Opinion
Case No. 12-01-05.
DATE OF JUDGMENT ENTRY March 29, 2002
Civil Appeal from Common Pleas Court, Domestic Relations Division.
JOHN C. FILKINS, Attorney at Law, Reg. #0046671, 337 South Main Street, Suite 200, Findlay, OH 45840, For Appellant.
JOHN H. WARNECKE, In Propria Persona, P.O. Box 645, Kalida, OH 45853, For Appellee.
OPINION
Defendant-Appellant, Sue Warnecke ("Appellant"), appeals a decision by the Putnam County Common Pleas Court, Domestic Relations Division, overruling a motion to designate her as the residential parent of the parties' minor son and suspending sentence on motions of contempt filed between she and Plaintiff-Appellee, John Warnecke ("Appellee"). On appeal, Appellant maintains that the trial court's denial of her request to be designated residential parent is contrary to the manifest weight of the evidence; however, the record herein contains competent, credible evidence supporting the trial court's finding that no change in circumstances has occurred since the original custody decree. Furthermore, although Appellant contends that she is entitled to a 1992 automobile selected during the court ordered personal property distribution, the record reflects that it was purchased for the parties' oldest daughter and that it was not included in the numbered list of personal property that the parties jointly created to allocate such property, which was previously filed with the court. As such, the trial court did not abuse its discretion by ordering the parties' to transfer only those items included in the numbered list.
The facts pertinent to issues raised on appeal are as follows. The parties were divorced on February 1, 2000, and thereafter, Appellee was designated the residential parent of the parties' twelve-year-old son Ross. Appellant moved to transfer residential parent status on May 2, 2001, claiming that a change in circumstances had occurred since the court's initial custody decree and that the transfer would be in the child's best interest. Prior to the hearing on the motion, Appellee and Appellant filed contempt motions against each other for failing to transfer property pursuant to a property distribution order issued following the parties' divorce.
At the hearing on the motions, the trial court found that there had been no change in circumstances with regard to the parties or their minor son since the court's prior custody decree and denied Appellant's motion to modify custody. Moreover, the trial court sentenced both parties to ten days in jail for failing to abide by the court's prior property distribution order. This sentence was suspended on the condition that both parties exchange the property chosen by the other pursuant to the prior order. From this decision, Appellant appeals asserting two assignments of error for our review.
Assignment of Error I
The trial court's finding that there had been no change in circumstances is against the manifest weight of the evidence when Appellant established that Appellee denied Appellant contact with the child; denied Appellant information regarding the child; and failed to provide the child with counseling pursuant to court order.

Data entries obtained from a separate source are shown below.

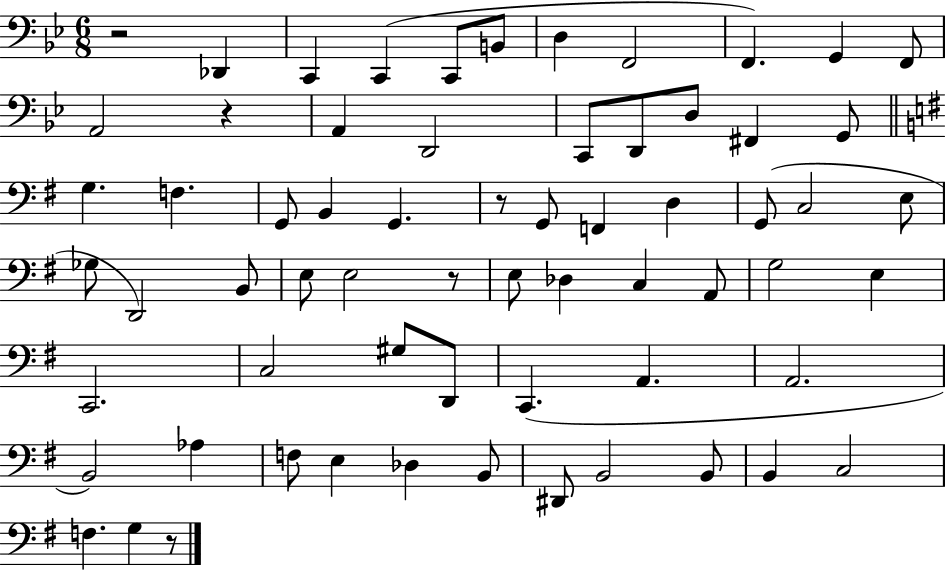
{
  \clef bass
  \numericTimeSignature
  \time 6/8
  \key bes \major
  r2 des,4 | c,4 c,4( c,8 b,8 | d4 f,2 | f,4.) g,4 f,8 | \break a,2 r4 | a,4 d,2 | c,8 d,8 d8 fis,4 g,8 | \bar "||" \break \key g \major g4. f4. | g,8 b,4 g,4. | r8 g,8 f,4 d4 | g,8( c2 e8 | \break ges8 d,2) b,8 | e8 e2 r8 | e8 des4 c4 a,8 | g2 e4 | \break c,2. | c2 gis8 d,8 | c,4.( a,4. | a,2. | \break b,2) aes4 | f8 e4 des4 b,8 | dis,8 b,2 b,8 | b,4 c2 | \break f4. g4 r8 | \bar "|."
}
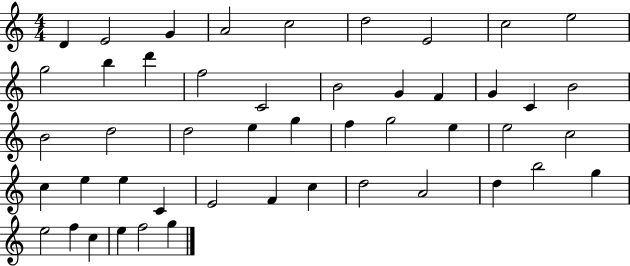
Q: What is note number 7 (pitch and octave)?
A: E4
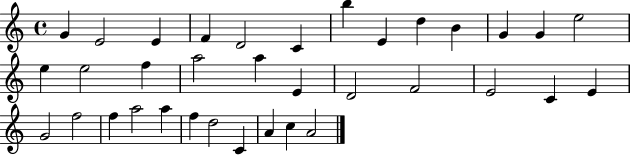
X:1
T:Untitled
M:4/4
L:1/4
K:C
G E2 E F D2 C b E d B G G e2 e e2 f a2 a E D2 F2 E2 C E G2 f2 f a2 a f d2 C A c A2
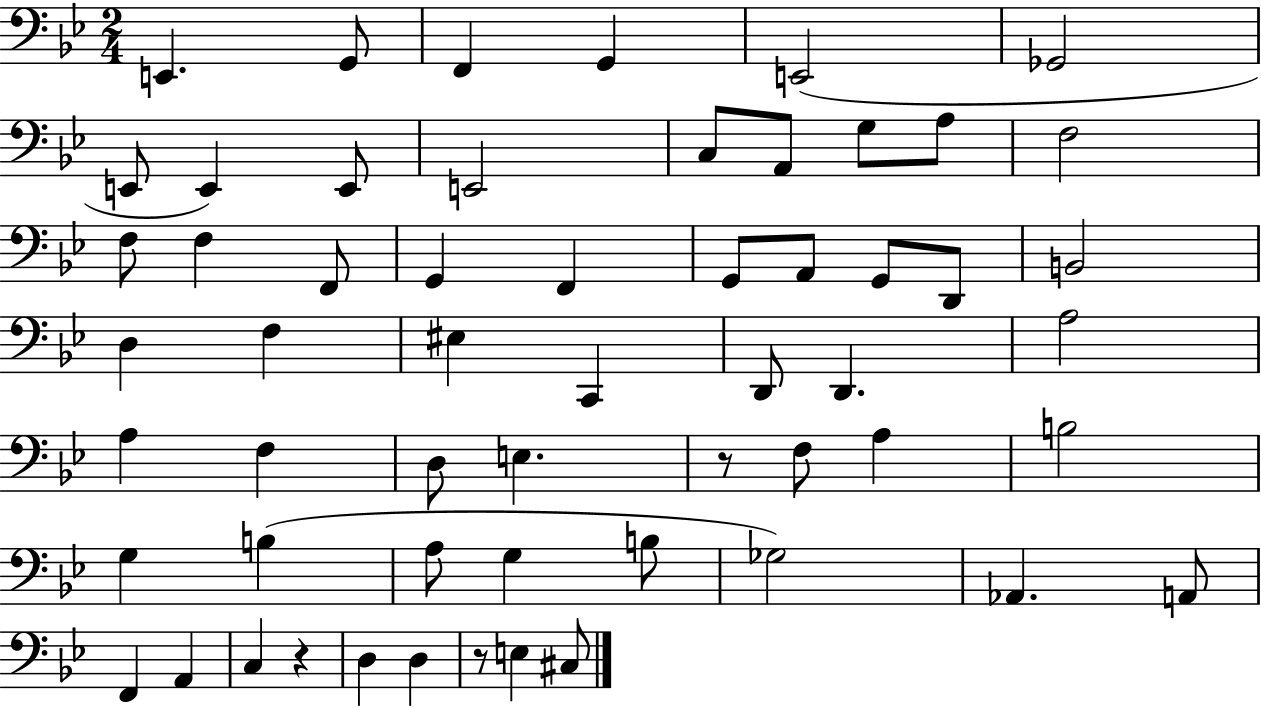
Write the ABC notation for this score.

X:1
T:Untitled
M:2/4
L:1/4
K:Bb
E,, G,,/2 F,, G,, E,,2 _G,,2 E,,/2 E,, E,,/2 E,,2 C,/2 A,,/2 G,/2 A,/2 F,2 F,/2 F, F,,/2 G,, F,, G,,/2 A,,/2 G,,/2 D,,/2 B,,2 D, F, ^E, C,, D,,/2 D,, A,2 A, F, D,/2 E, z/2 F,/2 A, B,2 G, B, A,/2 G, B,/2 _G,2 _A,, A,,/2 F,, A,, C, z D, D, z/2 E, ^C,/2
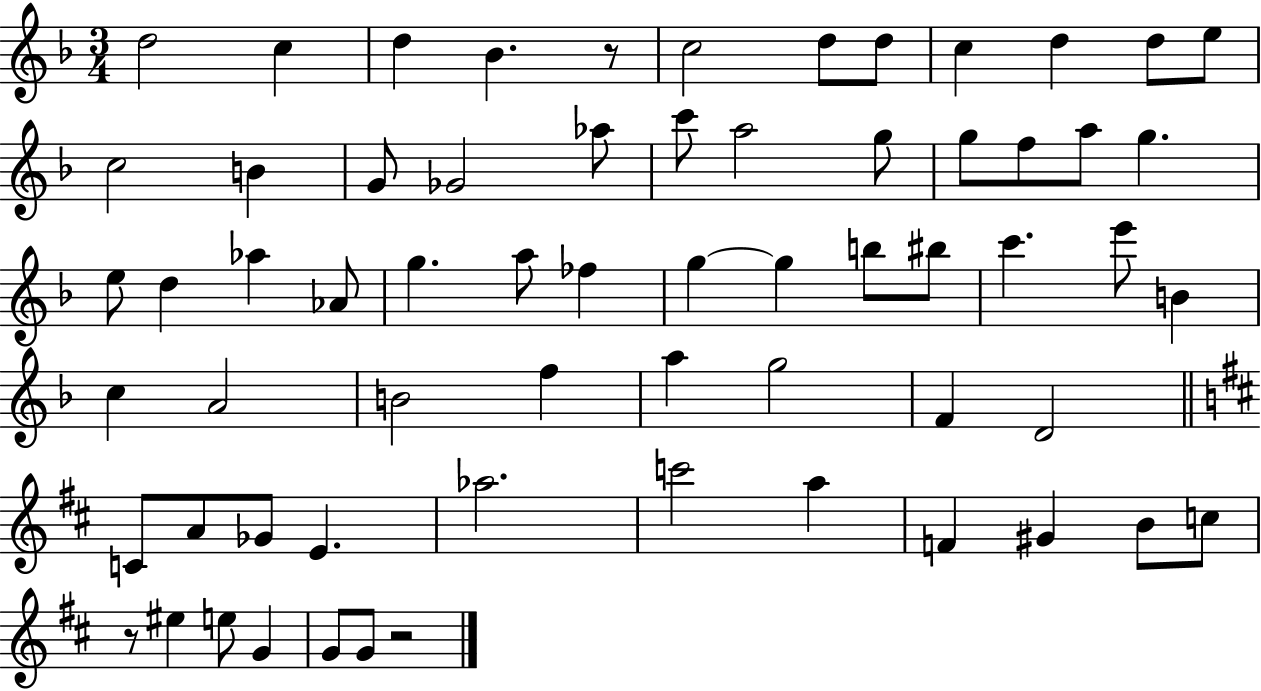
D5/h C5/q D5/q Bb4/q. R/e C5/h D5/e D5/e C5/q D5/q D5/e E5/e C5/h B4/q G4/e Gb4/h Ab5/e C6/e A5/h G5/e G5/e F5/e A5/e G5/q. E5/e D5/q Ab5/q Ab4/e G5/q. A5/e FES5/q G5/q G5/q B5/e BIS5/e C6/q. E6/e B4/q C5/q A4/h B4/h F5/q A5/q G5/h F4/q D4/h C4/e A4/e Gb4/e E4/q. Ab5/h. C6/h A5/q F4/q G#4/q B4/e C5/e R/e EIS5/q E5/e G4/q G4/e G4/e R/h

Appellant maintains in her first assignment of error that the trial court's refusal to modify the prior custody award was against the manifest weight of the evidence because a change in circumstances has occurred since the prior custody decree. However, based upon the following rationale, we find that the trial court's decision was not against the manifest weight of the evidence.
R.C. 3109.04(E) provides that a trial court must not modify a prior custody decree unless it finds the following: 1) there has been a change in circumstances of the child; 2) a modification would be in the best interest of the child; and 3) the harm that would result from the change is outweighed by the benefits that will result from the change. The determination of whether a change in circumstances has occurred is a threshold finding that must be determined prior to weighing the other factors.

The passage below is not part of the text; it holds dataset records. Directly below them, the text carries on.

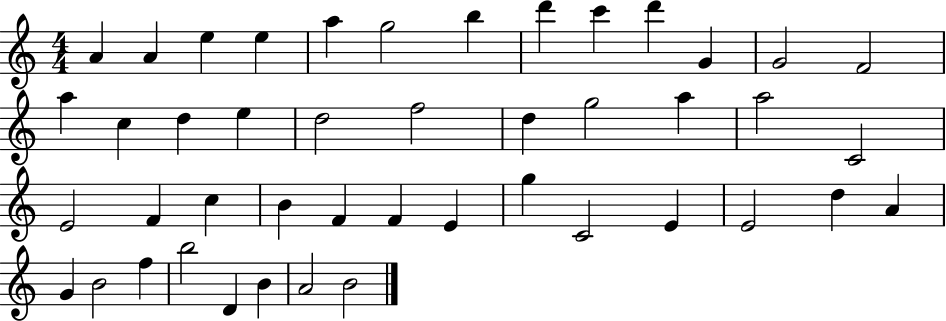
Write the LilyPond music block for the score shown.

{
  \clef treble
  \numericTimeSignature
  \time 4/4
  \key c \major
  a'4 a'4 e''4 e''4 | a''4 g''2 b''4 | d'''4 c'''4 d'''4 g'4 | g'2 f'2 | \break a''4 c''4 d''4 e''4 | d''2 f''2 | d''4 g''2 a''4 | a''2 c'2 | \break e'2 f'4 c''4 | b'4 f'4 f'4 e'4 | g''4 c'2 e'4 | e'2 d''4 a'4 | \break g'4 b'2 f''4 | b''2 d'4 b'4 | a'2 b'2 | \bar "|."
}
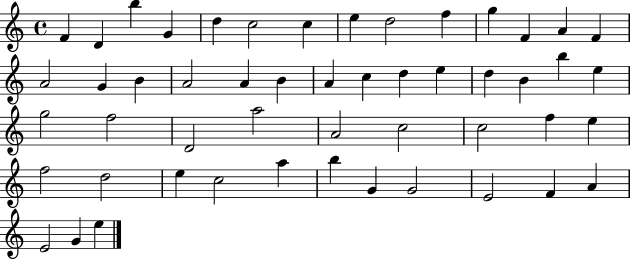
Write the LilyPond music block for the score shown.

{
  \clef treble
  \time 4/4
  \defaultTimeSignature
  \key c \major
  f'4 d'4 b''4 g'4 | d''4 c''2 c''4 | e''4 d''2 f''4 | g''4 f'4 a'4 f'4 | \break a'2 g'4 b'4 | a'2 a'4 b'4 | a'4 c''4 d''4 e''4 | d''4 b'4 b''4 e''4 | \break g''2 f''2 | d'2 a''2 | a'2 c''2 | c''2 f''4 e''4 | \break f''2 d''2 | e''4 c''2 a''4 | b''4 g'4 g'2 | e'2 f'4 a'4 | \break e'2 g'4 e''4 | \bar "|."
}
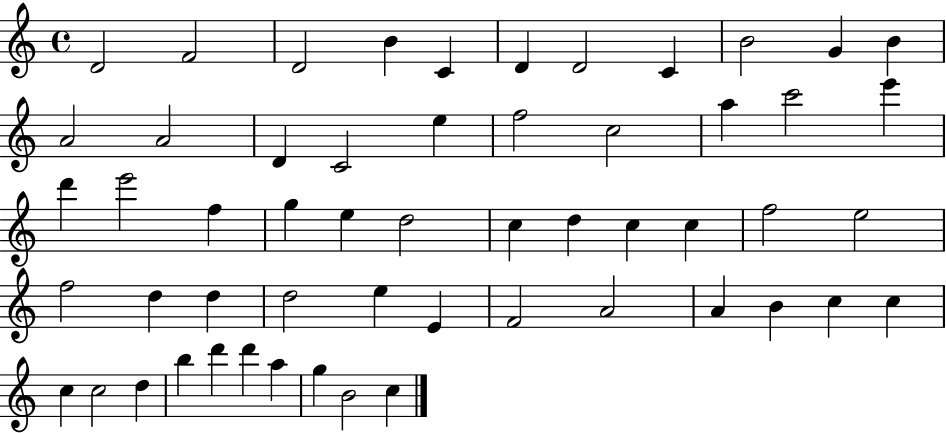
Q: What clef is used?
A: treble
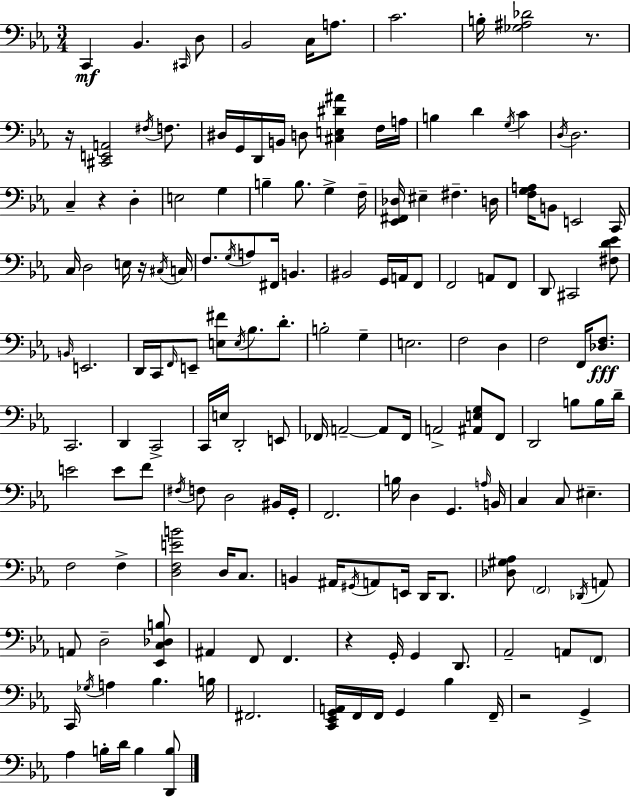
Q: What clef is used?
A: bass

R.C. 3109.04(E)(1)(a); Clark v. Smith (1998), 130 Ohio App.3d 648, 653; Thatcher v. Thatcher (Oct. 6, 1997), Mercer App. No. 10-97-08, unreported, citing In re Kennedy (1994), 94 Ohio App.3d 414, 416-17.

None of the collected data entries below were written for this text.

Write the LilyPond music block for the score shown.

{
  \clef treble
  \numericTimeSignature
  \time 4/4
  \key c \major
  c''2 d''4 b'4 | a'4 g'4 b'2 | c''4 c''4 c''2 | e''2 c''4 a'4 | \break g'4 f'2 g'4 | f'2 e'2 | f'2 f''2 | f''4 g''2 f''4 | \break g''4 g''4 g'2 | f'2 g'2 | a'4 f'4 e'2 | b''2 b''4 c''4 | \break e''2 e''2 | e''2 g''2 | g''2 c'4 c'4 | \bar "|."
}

Clark, 130 Ohio App.3d at 653.
R.C. 3109.04(E)(1)(a) states, in pertinent part, that
[t]he court shall not modify a prior decree allocating parental rights and responsibilities for the care of children unless it finds, based on facts that have arisen since the prior decree or that were unknown to the court at the prior decree, that a change has occurred in the circumstances of the child * * *.
The intent of this provision is to "spare children from a constant tug of war between their parents who would file a motion for change of custody each time the parent out of custody thought he or she could provide the children a `better' environment." Additionally, this Court has noted that a change must be substantial, not slight or inconsequential.
Id. at 653-54, quoting Wyss v. Wyss (1982), 3 Ohio App.3d 412, 416. See, also, Davis v. Flickinger (1997), 77 Ohio St.3d 415, 418.
Musson v. Musson (June 10, 1998), Hardin App. No. 6-98-01, unreported, citing Davis, 77 Ohio St.3d at 418.
In determining whether a change in circumstances has occurred, a trial judge, as the trier of fact, must be given wide latitude to consider all issues concerning a potential change, and if competent, credible evidence supports the trial court's findings, its decision will not be reversed on appeal as being against the manifest weight of the evidence. Additionally, in custody modification cases, an appellate court must give the trial court the "utmost respect" because it has the best opportunity to gauge the credibility, attitude, and demeanor of each witness.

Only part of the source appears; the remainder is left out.